IV. ZİNCİRLEME SUÇ VE İŞTİRAK BİRLİKTE UYGULANABİLİR Mİ?
Bu iki kurum birbirini dışlamaz. Bir suç örgütü içerisinde;
-
Bazı kişiler suçun birden çok defa işlenmesini sağlar → zincirleme suç,
-
Bazı kişiler sadece tek eyleme katkıda bulunur → iştirak.
Örneğin, aynı aracı defalarca kullanan sürücü zincirleme suçtan; ona sadece ilk seferde yol gösteren kişi yardım eden olarak cezalandırılabilir.
V. DEĞERLENDİRME VE ELEŞTİRİLER
A. Zincirleme Suçun Ceza Adaleti Açısından Sorunları
Zincirleme suç uygulaması, faile tek ceza verilip yalnızca artırımla cezalandırılmasını sağladığı için kamuoyunda ve uygulamada bazen “hafif kalmakla” eleştirilmektedir. Bu durum, özellikle çok sayıda göçmenin geçişini organize eden sanıklar açısından cezaların yeterince caydırıcı olmaması sonucunu doğurabilir.
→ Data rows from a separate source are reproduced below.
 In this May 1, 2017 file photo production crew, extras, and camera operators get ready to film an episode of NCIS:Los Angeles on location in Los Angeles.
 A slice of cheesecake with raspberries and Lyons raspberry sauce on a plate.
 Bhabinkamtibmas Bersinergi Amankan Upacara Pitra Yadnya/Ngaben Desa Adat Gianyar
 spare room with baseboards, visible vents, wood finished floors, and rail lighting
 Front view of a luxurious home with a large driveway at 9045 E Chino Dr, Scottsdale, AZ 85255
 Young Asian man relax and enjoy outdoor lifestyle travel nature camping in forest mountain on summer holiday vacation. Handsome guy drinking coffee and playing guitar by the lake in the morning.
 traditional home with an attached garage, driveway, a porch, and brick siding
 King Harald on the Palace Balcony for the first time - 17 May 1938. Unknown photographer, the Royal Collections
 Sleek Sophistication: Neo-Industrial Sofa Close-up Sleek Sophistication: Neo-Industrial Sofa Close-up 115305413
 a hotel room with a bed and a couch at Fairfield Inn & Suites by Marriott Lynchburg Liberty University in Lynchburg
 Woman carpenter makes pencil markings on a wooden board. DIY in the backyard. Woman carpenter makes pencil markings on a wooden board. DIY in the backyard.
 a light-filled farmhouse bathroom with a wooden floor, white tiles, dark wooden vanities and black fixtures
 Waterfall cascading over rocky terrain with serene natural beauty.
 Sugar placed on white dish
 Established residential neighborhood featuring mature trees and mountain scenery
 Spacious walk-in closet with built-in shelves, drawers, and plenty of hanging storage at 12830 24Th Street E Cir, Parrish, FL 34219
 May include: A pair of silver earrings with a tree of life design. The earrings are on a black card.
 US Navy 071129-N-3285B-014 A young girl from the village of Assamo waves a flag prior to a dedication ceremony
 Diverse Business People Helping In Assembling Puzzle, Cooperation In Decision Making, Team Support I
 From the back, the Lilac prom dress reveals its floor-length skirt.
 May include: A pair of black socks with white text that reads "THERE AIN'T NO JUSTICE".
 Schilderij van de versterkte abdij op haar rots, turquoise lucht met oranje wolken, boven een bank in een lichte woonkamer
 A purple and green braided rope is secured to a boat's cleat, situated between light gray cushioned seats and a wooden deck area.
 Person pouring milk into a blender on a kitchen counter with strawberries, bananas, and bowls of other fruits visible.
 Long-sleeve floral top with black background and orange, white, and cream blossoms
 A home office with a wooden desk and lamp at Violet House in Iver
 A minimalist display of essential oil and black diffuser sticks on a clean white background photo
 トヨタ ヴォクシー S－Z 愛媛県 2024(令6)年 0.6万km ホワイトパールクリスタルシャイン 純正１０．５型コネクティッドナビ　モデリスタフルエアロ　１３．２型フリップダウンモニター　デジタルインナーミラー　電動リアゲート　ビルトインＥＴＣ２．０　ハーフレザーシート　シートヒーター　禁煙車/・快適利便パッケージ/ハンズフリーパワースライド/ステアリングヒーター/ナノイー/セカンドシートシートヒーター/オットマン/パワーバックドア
B. Suça İştirak Sınırlarının Belirsizliği
Göçmen kaçakçılığının organize yapısı içinde azmettiren, yardım eden ve failin rolleri çoğu zaman iç içe geçmekte; bu da cezai sorumluluğun belirlenmesinde zorluklara neden olmaktadır.
VI. SONUÇ
Göçmen kaçakçılığı suçu, sınır güvenliği ve kamu düzeni açısından ciddi tehdit oluşturan, organize ve tekrar eden nitelikte bir suçtur. Bu nedenle zincirleme suç ve suça iştirak kurumları bu suçun ceza yargılamasında büyük öneme sahiptir.
Yargıtay uygulaması, bu iki kurumu genellikle isabetli şekilde ayırmakta; ancak uygulamada yeknesaklık sağlanması ve failin suça katkısının daha objektif kriterlerle ölçülmesi için mevzuatın ve yargı kararlarının geliştirilmesi gereklidir.
Ceza adaletinin tam olarak sağlanabilmesi için:
-
Suçun sürekliliği ve organizasyon yapısının iyi analiz edilmesi,
-
Her failin katkı düzeyine göre doğru iştirak türüyle cezalandırılması,
-
Zincirleme suç uygulamasının istismar edilmesinin önüne geçilmesi gereklidir.